- YOUR TASK
Transcribe the records below exactly, leaving out any pictures.

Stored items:
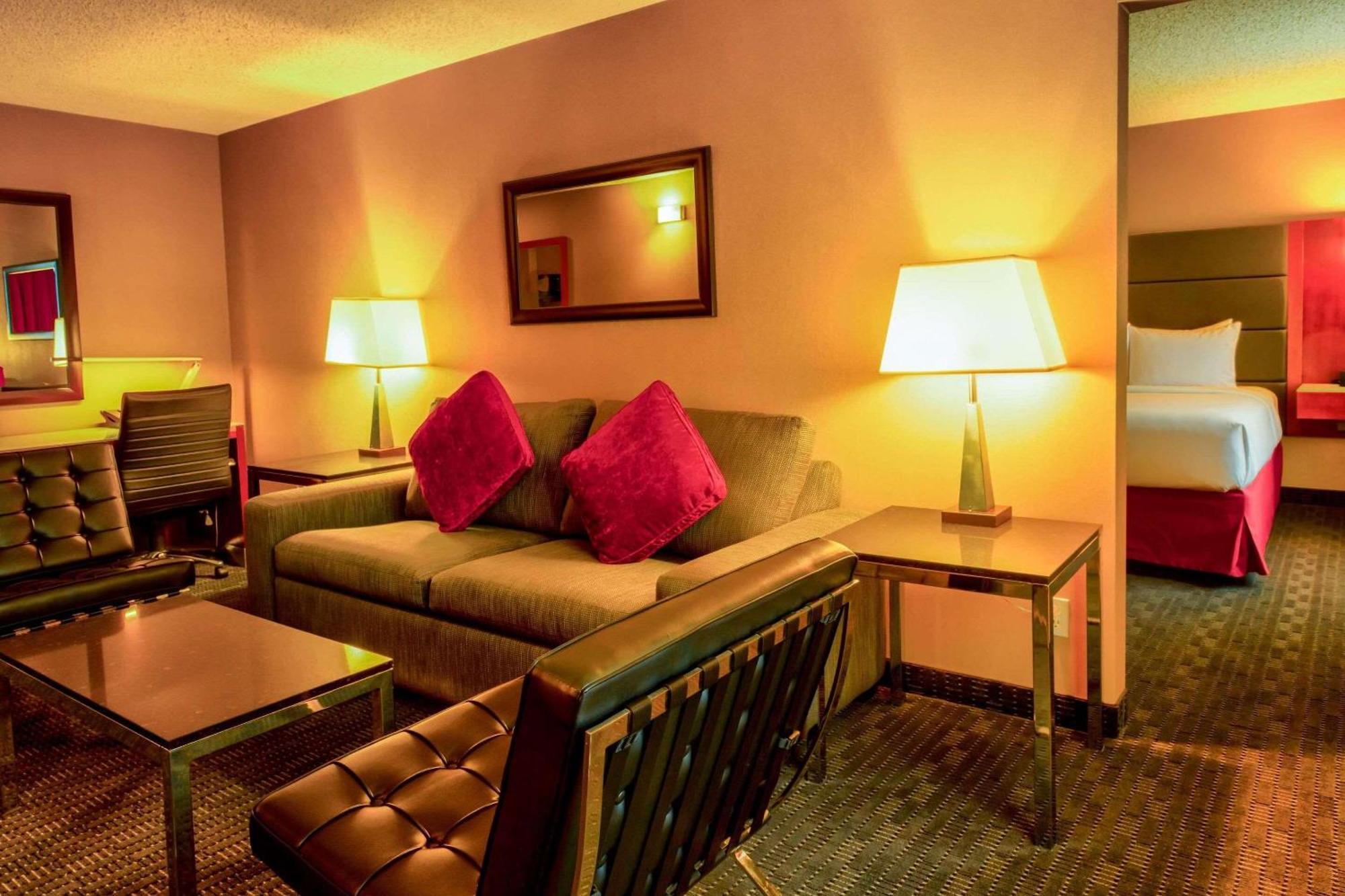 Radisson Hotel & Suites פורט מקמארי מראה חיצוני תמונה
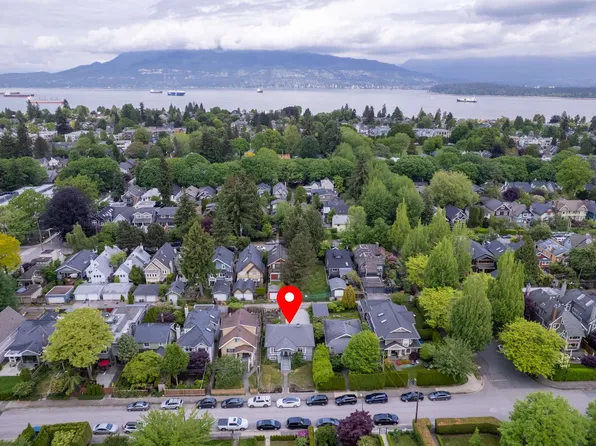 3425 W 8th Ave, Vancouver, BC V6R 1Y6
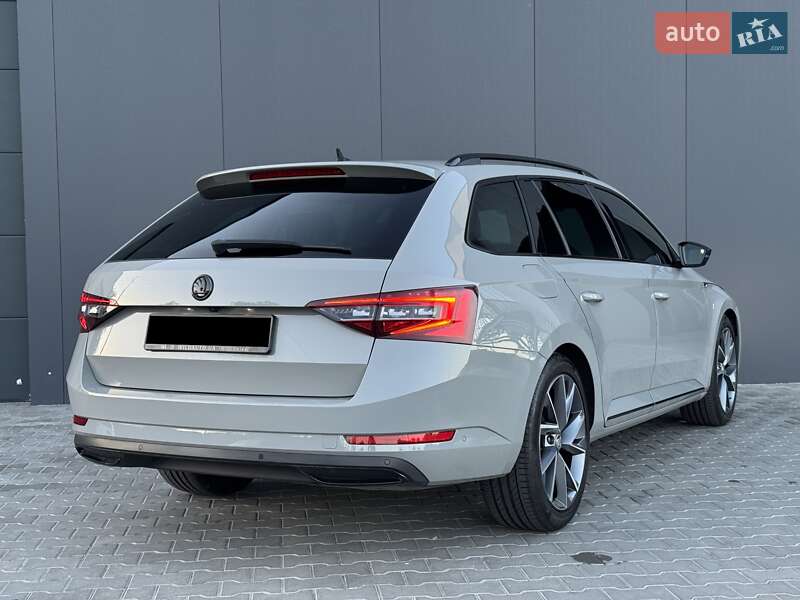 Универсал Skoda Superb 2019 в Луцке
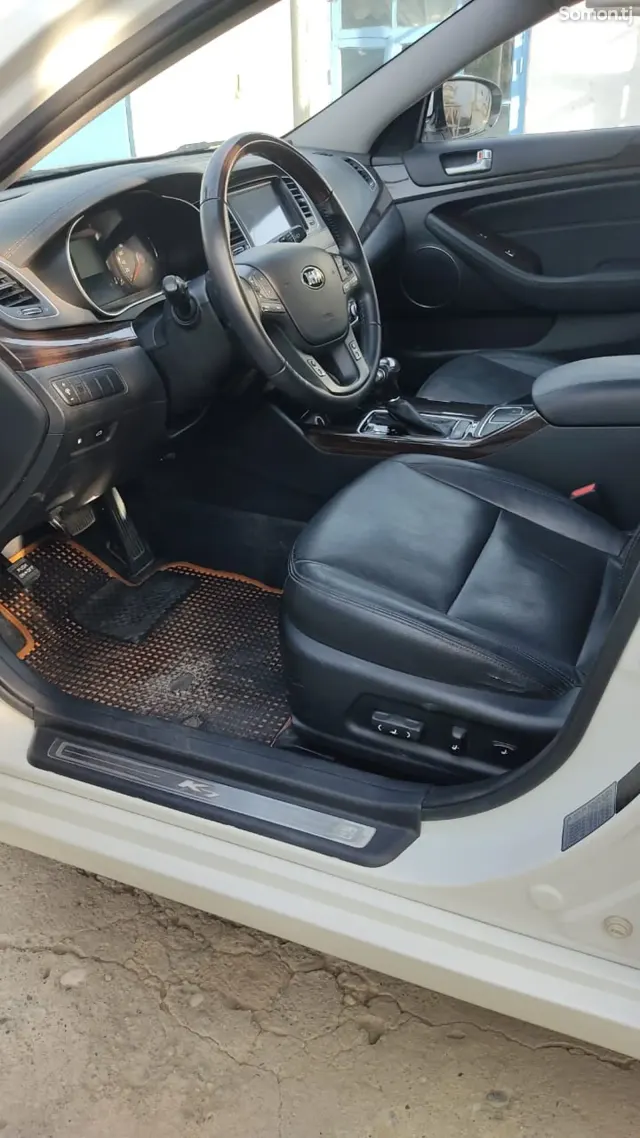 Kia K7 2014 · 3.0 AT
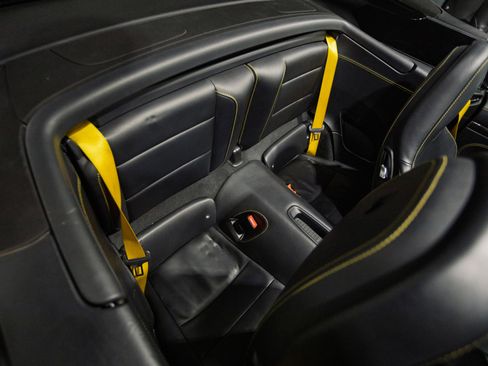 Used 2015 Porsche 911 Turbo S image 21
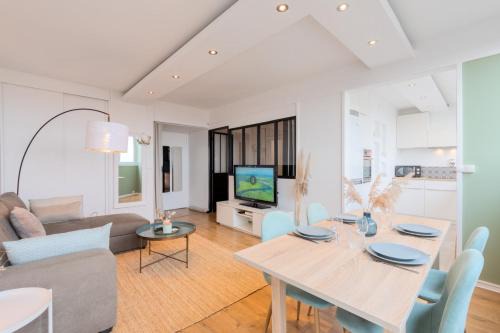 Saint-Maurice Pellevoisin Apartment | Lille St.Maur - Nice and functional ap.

- EXERCISE RESULT
 Radisson Hotel & Suites פורט מקמארי מראה חיצוני תמונה
 3425 W 8th Ave, Vancouver, BC V6R 1Y6
 Универсал Skoda Superb 2019 в Луцке
 Kia K7 2014 · 3.0 AT
 Used 2015 Porsche 911 Turbo S image 21
 Saint-Maurice Pellevoisin Apartment | Lille St.Maur - Nice and functional ap.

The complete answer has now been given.